A Comédia Humana

Quando Dante escreveu a Comédia, não tinha a intenção de a chamar de Divina; esta palavra foi agregada mais tarde ao título original. Mas ali, na Comédia, ele vai mostrando um a um, nos círculos do inferno e do purgatório, todos os pecados e tipos de castigo a que estariam sujeitos, desde os antigos filósofos gregos, até os contemporâneos do autor. De lá para cá já se vão 600 ou 700 anos. Depois disso, o escritor francês Honoré de Balzac (1799/1850) reuniu toda a sua obra sob o título geral de “A Comédia Humana”. Em ambos os casos não se tratava de mera ficção literária, mas de um retrato da sociedade, sob vários aspectos.

Hoje, diante das farsas, imoralidades e trapaças do mundo, tudo poderia ainda ser enquadrado numa grande comédia humana, desde a política, com os seus roubos e falcatruas; a criação de leis, impostos, taxas e tributos somente para onerar, sacanear, desviar recursos, prejudicar o orçamento das pessoas e a economia e jamais para o bem estar da sociedade; os golpes contra o cidadão, o contribuinte e o patrimônio público, em todos os níveis políticos e administrativos; a decadência e a desmoralização da arte (qualquer um faz ou pinta o que quer e expõe como obra de arte); a decadência da música através da vulgaridade, das letras de duplo sentido, da mediocridade e do lixo musical; o descrédito das instituições (roubos, engodos, mentiras, enriquecimentos ilícitos, taras, profanações, assédios, escândalos, etc. ); a prepotência de alguns indivíduos, investidos de autoridade, que em nome da lei e por qualquer motivo atacam, maltratam, multam, prendem ou mandam prender o infeliz morador de rua e o humilde trabalhador enquanto deixam livre e ainda bajulam os facínoras e canalhas a quem realmente deveriam perseguir, atacar, punir, multar, prender, processar e condenar; a conseqüente perda progressiva de confiança nos poderes constituídos, tribunais e autoridades, em que muito raros merecem ser apontados como honrosas exceções, a exemplo do que representaram e ainda representam notáveis figuras públicas, íntegras e incorruptíveis, como Tancredo Neves, Ulisses Guimarães, Darcy Ribeiro, Dilson Funaro, Celso Furtado, Paulo Paim, Marina Silva, Ana Amélia Lemos e agora Joaquim Barbosa, ministro do STF, por sua atuação contra a criminalidade política e a impunidade.

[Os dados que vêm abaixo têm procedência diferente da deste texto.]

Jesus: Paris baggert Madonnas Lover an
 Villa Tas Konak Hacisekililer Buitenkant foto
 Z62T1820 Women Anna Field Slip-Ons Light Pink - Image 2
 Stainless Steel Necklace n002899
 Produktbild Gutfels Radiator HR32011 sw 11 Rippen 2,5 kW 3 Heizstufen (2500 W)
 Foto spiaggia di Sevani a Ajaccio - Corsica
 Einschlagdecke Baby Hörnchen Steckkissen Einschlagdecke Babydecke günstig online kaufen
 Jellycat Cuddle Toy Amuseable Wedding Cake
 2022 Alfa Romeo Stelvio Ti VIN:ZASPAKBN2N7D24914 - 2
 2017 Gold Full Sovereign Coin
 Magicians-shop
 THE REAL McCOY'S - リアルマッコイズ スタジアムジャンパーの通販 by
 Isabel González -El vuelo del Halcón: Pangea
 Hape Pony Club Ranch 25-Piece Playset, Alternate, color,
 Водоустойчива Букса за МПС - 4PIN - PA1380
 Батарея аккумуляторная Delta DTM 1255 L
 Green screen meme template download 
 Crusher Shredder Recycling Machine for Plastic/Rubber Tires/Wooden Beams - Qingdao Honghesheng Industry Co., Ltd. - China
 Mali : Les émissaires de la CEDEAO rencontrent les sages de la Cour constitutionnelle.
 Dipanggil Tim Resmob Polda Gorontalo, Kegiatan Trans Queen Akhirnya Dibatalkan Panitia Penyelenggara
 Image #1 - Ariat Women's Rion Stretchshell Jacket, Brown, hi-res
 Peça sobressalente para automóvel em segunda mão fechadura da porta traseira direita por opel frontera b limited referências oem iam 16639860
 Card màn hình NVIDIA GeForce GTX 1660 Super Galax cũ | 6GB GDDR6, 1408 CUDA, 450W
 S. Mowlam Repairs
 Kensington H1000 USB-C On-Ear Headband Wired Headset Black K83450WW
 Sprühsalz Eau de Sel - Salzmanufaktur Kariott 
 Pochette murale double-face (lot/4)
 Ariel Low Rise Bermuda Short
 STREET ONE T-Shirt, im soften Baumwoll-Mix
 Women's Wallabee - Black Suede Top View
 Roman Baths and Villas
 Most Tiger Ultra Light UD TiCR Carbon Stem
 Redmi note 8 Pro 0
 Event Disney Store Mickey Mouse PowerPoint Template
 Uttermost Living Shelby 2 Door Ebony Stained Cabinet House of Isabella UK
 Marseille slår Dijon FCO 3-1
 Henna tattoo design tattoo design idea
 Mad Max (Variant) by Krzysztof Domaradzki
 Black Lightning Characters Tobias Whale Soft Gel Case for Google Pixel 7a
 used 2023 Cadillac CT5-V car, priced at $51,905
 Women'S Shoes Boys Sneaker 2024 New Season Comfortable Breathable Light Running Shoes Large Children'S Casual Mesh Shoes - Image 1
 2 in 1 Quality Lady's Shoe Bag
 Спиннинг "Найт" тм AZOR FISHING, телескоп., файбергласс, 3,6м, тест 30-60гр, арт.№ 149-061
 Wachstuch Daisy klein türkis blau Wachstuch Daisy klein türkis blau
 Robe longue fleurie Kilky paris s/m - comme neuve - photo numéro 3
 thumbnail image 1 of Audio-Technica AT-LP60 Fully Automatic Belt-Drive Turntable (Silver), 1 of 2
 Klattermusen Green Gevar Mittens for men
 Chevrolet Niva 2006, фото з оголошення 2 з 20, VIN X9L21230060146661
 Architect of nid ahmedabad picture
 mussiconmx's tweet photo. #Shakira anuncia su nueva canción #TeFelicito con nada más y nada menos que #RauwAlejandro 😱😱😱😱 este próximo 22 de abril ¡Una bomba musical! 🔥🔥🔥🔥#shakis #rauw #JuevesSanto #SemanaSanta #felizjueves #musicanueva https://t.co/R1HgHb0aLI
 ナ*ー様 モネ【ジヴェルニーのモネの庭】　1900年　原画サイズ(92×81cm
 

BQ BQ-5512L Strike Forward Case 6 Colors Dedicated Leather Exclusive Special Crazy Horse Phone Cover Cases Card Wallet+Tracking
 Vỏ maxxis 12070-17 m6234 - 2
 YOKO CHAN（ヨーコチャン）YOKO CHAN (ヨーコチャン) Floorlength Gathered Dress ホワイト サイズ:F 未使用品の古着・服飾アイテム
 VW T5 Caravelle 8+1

E para não se estressar ou amargurar muito, a sociedade se divide, se distrai, se entretém, se apassiva, se deixa hipnotizar, enganar e anestesiar com os discursos das campanhas pré-eleitorais e suas promessas duvidosas; com o aparato cerimonioso e a teatralidade das assembléias parlamentares; com os anunciados projetos sociais que estão mais para o cinismo e a hipocrisia demagógica do que para solucionar os dramas reais em que vivem de modo permanente as crianças, jovens e adultos das periferias; com os carnavais; com os preparativos da copa do mundo; com os programas e novelas de televisão; com o teatro, o cinema, o futebol e outras modalidades recreativas; com as pequenas tragédias alheias; com as crises econômicas anunciadas todos os dias; com a miséria, a fome, a doença, as mazelas sociais do quotidiano e a grande expectativa, quase doentia, do fim do mundo, embora se saiba que o mundo, em face de tudo isso, vem terminando aos poucos.

Quer dizer, um circo é necessário, como era o circo romano, e o mundo inteiro se transformou num grande circo, num grande picadeiro, no palco da Comédia Humana, como sempre foi, com seu baile de máscaras, seus atores, mágicos, palhaços, músicos e dançarinos para iludir, distrair e fazer rir; para desviar a atenção do povo das trapaças, bandalheiras e falcatruas que acontecem todos os dias.